The procedure works because $f$ is differentiable, hence continuous on the compact set $[a,b]$.

Now, in your case, you have a (presumably differentiable) $f:\mathbb R^{2}\rightarrow \mathbb R$, restricted to the set of points $(x,y)$ for which $||(x,y)||^2 \leq 1$.

This set is just the unit disk and its interior, which is compact and so we may use the corresponding result for such functions on $\mathbb R^{2}$:

1. Find the local extrema in the interior of the region by locating the points $(x,y)$ for which $\nabla f(x,y)=0$ or $\nabla f(x,y)$ is undefined.

2. Evaluating the values of $f$ on the disk i.e. on the set of points $(x,y)$ for which $||(x,y)||^2 = 1$.

3. Selecting the largest and smallest value(s) from 1. and 2.

Part 2. can be tricky, but in this special case, it might be easier to consider $f(\cos \theta, \sin \theta)$ and the values of $\theta $ that make $f$ maximum/minimum.

Answer 2

The theory for inequality constraints, that is $g(x,y) \le 1$, is much more complicated than for equations like $g(x,y) = 1$. As start you could consult the Wikipedia on Karush–Kuhn–Tucker conditions.

However, in your simple case $f,g:\mathbb R^2\to\mathbb R$, it boils down to following: You can first try to find a maximizer in the interior, that is, $\nabla f(x,y)$ needs to be zero.

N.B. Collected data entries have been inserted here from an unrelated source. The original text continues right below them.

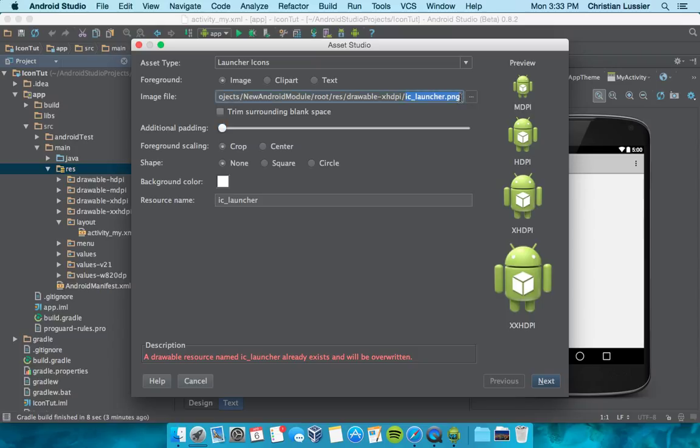I'm not sure if it has to be PNG, it might be able to be JPEG, but if possible, I would do a PNG.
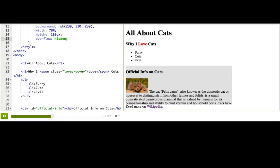We could also try auto, which tells the browser to add scroll bars if the content overflows. Now, I can scroll around inside the box to see the text.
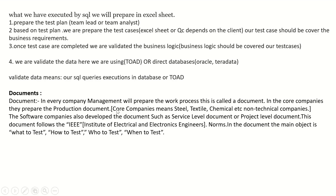Regarding required documents in the testing environment: in every company, management prepares a work process document. Core companies like steel, textile, and chemical industries, as well as software companies, develop documents such as service-level or project-level documents. These documents follow the IEEE — Institute of Electrical and Electronics Engineers — norms. The main objective covers what to test, how to test, when to test, and who to test.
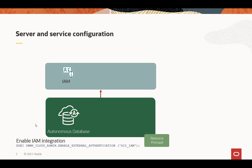As part of that, it'll enable the Resource Principle Session Token for the Autonomous Database if that hasn't already been enabled before, and set some parameters within the Autonomous Database so it knows where to locate the IAM endpoints.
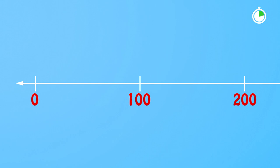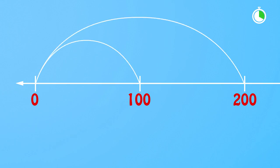For example, what's the position of 200 relative to 100? 200 is double the distance from 0 to 100. That's right.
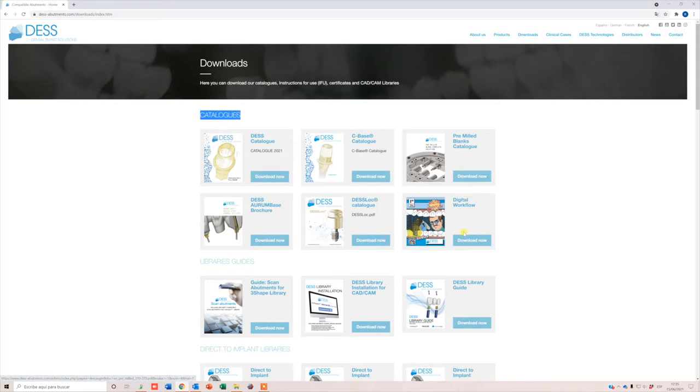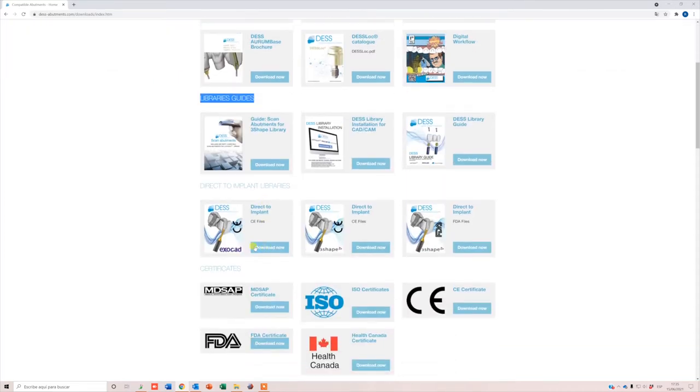Catalogs: Here you'll find all the DES catalogs. Library Guide: A quick reference guide to all the files. Direct to Implant Libraries.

If such interior optimizer does not exist, you can try to find one on the boundary. That is, the gradient of Lagrangian to the constraint $g(x,y)=1$ needs to be zero.

As for sufficient condition for a maximizer at the boundary: Let $(x^*,y^*)\in\mathbb R^2$ and $\lambda^* \ge 0$ such that $$ \nabla f(x^*, y^*) + \lambda^* \nabla g(x^*, y^*) = 0 $$ and $$ g(x^*,y^*)=1.$$ If the Hessian of the Lagrangian $$ \nabla^2 f(x^*, y^*) + \lambda^* \nabla^2 g(x^*, y^*) $$ is negativ definit. Then, $(x^*,y^*)$ is a maximizer.